» **What is required**
Report every line of the data where the string "rose" appears.

- - -

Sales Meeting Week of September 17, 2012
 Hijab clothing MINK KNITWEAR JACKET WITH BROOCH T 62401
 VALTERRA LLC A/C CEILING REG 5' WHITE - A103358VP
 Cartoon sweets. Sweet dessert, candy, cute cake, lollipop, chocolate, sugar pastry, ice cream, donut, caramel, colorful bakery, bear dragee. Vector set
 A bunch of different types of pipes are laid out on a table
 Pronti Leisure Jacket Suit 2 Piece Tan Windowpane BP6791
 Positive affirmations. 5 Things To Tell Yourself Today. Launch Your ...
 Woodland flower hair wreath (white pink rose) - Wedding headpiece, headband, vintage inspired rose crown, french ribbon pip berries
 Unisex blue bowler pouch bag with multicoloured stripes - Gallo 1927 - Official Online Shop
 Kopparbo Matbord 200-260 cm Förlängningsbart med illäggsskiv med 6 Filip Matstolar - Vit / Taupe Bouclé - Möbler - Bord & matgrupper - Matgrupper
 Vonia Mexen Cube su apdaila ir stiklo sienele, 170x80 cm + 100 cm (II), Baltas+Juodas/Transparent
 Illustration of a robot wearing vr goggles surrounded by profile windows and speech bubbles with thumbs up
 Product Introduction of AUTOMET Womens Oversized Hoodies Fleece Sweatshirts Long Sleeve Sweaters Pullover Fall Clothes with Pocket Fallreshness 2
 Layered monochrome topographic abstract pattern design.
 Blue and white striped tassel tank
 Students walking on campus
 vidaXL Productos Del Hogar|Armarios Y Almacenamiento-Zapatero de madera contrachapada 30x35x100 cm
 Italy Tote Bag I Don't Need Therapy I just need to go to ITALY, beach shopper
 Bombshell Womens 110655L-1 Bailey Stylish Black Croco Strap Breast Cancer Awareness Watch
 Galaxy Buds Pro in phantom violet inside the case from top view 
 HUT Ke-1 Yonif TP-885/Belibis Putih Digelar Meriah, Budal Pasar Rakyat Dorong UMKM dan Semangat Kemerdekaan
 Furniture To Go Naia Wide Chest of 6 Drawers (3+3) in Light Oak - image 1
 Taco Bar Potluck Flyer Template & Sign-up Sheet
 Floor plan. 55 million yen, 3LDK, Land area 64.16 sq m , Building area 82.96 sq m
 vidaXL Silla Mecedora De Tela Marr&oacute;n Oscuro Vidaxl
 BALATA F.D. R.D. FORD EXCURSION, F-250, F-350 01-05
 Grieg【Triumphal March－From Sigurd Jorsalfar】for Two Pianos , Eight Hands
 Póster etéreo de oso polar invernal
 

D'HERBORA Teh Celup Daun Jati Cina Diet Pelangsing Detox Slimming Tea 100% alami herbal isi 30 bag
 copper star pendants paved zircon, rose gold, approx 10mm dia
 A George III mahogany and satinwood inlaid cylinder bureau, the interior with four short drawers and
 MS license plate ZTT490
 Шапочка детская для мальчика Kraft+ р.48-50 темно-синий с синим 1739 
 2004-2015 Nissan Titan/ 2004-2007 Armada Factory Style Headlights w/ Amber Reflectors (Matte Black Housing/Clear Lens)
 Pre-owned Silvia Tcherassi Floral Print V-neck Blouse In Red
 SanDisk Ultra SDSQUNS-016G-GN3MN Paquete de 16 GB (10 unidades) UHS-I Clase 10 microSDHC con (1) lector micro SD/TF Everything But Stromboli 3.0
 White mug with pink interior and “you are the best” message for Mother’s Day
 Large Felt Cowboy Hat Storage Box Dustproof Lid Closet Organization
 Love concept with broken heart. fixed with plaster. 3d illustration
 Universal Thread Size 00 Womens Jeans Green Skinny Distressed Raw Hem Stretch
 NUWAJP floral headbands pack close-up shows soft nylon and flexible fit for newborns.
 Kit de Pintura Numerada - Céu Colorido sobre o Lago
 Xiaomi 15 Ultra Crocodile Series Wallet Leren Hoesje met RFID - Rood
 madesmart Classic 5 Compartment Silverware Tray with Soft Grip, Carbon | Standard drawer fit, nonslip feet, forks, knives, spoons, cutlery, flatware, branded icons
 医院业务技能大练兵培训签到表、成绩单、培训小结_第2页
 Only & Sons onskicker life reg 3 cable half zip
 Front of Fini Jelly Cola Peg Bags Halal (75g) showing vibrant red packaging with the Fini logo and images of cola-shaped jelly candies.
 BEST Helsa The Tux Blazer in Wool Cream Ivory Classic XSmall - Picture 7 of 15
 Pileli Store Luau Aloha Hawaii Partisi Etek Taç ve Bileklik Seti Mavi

- - -

» **Exercise answer**
 Woodland flower hair wreath (white pink rose) - Wedding headpiece, headband, vintage inspired rose crown, french ribbon pip berries
 copper star pendants paved zircon, rose gold, approx 10mm dia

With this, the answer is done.